■ **INSTRUCTIONS FOR THE TASK**
For this exercise, repeat exactly the lines below starting at the line holding "Set Of 2 Storage" and ending at the line holding "Pink Bow Wie", both included, with no extra lines and no pictures.

■ **Dataset excerpts**
• • •
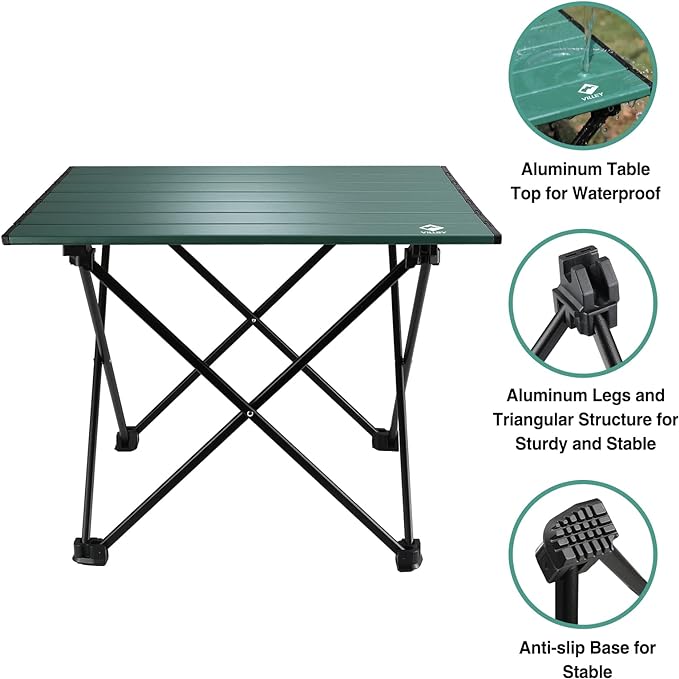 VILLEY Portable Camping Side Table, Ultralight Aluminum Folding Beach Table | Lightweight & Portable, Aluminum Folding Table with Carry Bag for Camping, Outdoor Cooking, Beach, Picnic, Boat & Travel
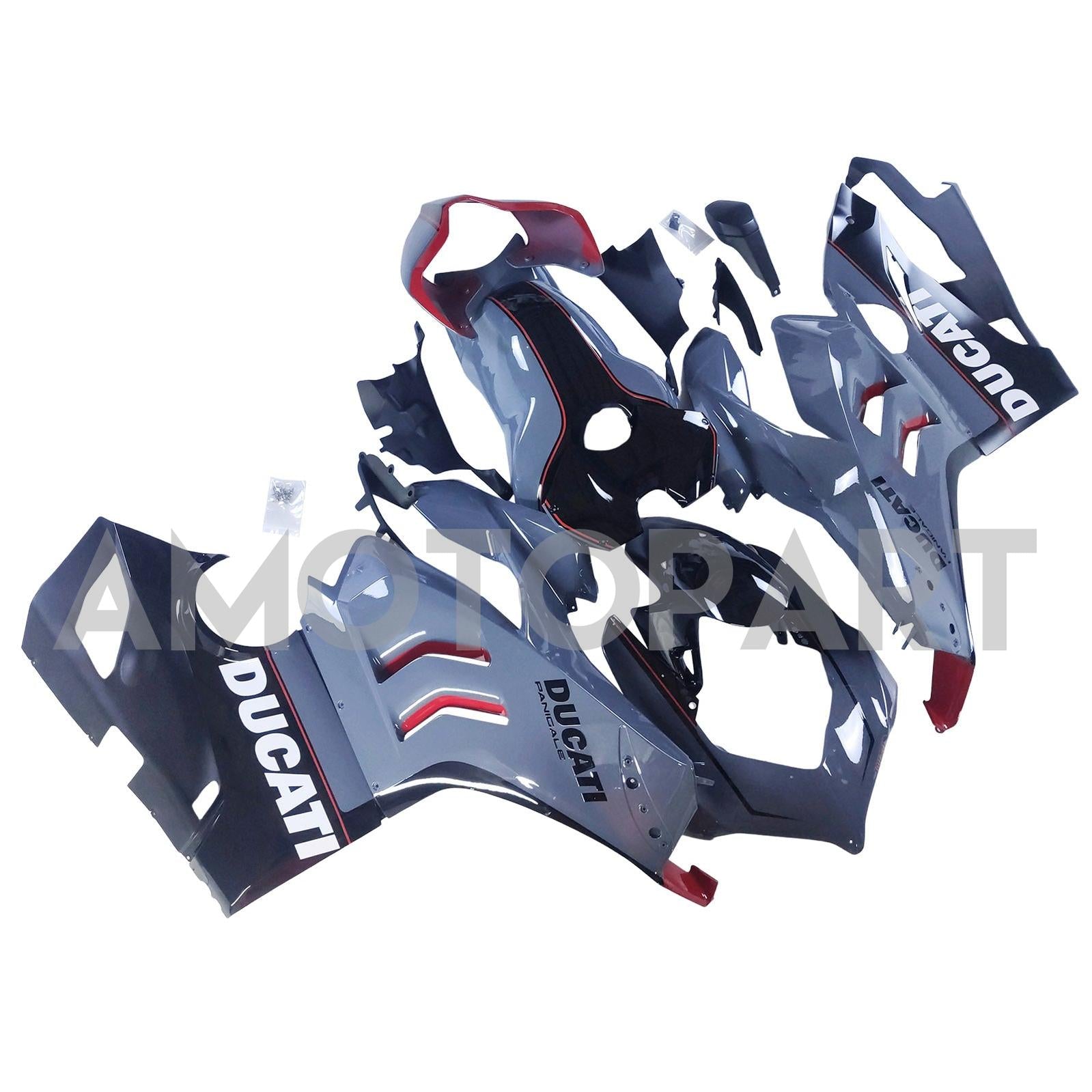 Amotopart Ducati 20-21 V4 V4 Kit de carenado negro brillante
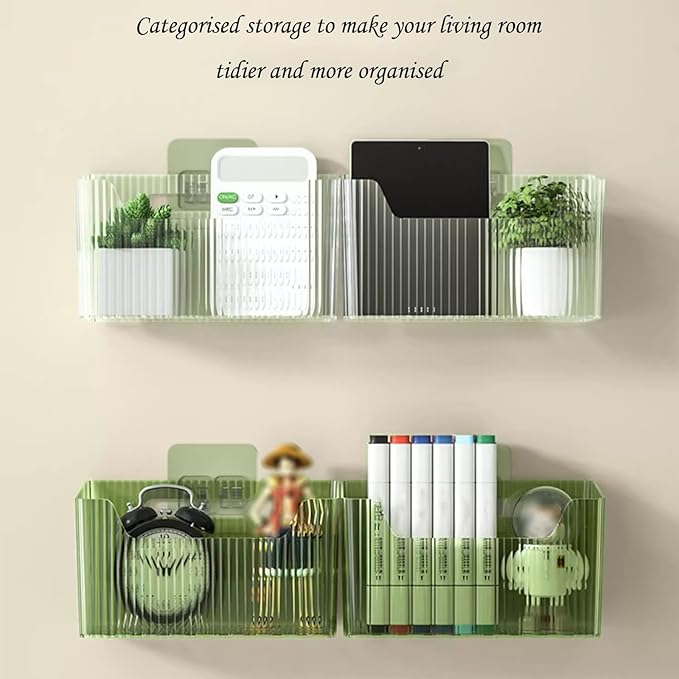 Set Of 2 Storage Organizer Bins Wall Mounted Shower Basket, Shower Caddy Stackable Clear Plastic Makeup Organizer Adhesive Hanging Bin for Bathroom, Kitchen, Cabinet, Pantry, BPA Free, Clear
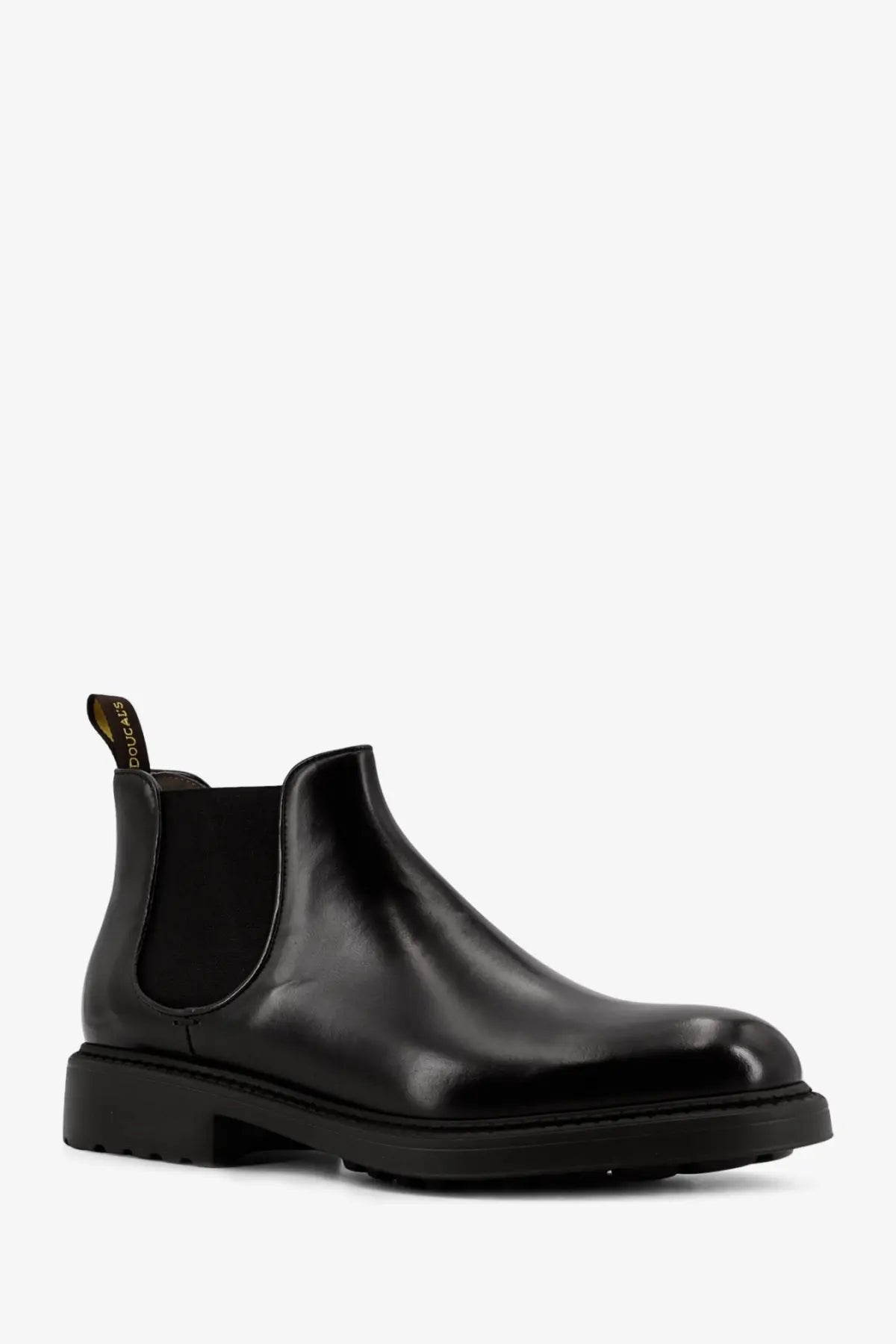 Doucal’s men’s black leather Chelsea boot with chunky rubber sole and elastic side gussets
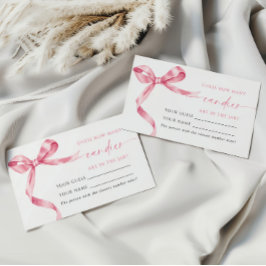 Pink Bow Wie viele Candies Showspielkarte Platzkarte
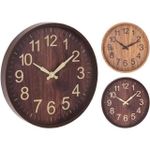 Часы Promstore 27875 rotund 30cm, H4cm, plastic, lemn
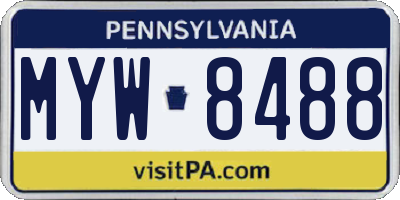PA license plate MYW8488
• • •
■ **OUTPUT FOR THIS TASK**
 Set Of 2 Storage Organizer Bins Wall Mounted Shower Basket, Shower Caddy Stackable Clear Plastic Makeup Organizer Adhesive Hanging Bin for Bathroom, Kitchen, Cabinet, Pantry, BPA Free, Clear
 Doucal’s men’s black leather Chelsea boot with chunky rubber sole and elastic side gussets
 Pink Bow Wie viele Candies Showspielkarte Platzkarte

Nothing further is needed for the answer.